## Exercise directions
This task calls for copying each line below that contains "Asymmetrical".

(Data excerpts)
[Start of section]

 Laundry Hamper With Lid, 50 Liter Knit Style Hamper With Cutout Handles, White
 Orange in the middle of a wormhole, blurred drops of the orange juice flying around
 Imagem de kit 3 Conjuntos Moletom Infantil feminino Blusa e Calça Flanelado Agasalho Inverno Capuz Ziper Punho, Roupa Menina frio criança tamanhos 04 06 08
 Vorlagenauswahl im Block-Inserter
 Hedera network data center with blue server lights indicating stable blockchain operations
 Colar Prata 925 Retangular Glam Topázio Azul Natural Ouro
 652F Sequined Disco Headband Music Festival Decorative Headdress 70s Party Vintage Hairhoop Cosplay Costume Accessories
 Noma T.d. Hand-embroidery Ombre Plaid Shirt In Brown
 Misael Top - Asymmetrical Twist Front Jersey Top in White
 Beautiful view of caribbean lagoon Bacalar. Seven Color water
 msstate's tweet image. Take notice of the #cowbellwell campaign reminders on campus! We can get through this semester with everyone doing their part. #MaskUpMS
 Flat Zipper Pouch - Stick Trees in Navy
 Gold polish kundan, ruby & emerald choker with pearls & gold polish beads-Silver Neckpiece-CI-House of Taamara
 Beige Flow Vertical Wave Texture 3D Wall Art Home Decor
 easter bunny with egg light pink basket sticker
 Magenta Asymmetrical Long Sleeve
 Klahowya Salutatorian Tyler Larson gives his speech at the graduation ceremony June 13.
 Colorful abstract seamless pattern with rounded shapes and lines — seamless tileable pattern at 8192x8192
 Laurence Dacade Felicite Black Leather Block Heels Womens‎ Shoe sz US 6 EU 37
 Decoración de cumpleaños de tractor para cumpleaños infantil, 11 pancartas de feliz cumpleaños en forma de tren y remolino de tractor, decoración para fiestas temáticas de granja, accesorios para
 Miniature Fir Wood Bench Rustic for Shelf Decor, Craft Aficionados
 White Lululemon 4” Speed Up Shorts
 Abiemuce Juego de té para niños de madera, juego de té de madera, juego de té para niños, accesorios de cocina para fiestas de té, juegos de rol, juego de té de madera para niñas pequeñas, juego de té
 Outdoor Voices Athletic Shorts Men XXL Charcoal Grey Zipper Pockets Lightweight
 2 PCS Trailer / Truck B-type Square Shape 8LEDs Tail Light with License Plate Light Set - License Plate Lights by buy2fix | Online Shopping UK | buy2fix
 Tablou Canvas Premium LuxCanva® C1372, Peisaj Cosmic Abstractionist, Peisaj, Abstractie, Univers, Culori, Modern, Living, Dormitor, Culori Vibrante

[End of section]

## Response area
 Misael Top - Asymmetrical Twist Front Jersey Top in White
 Magenta Asymmetrical Long Sleeve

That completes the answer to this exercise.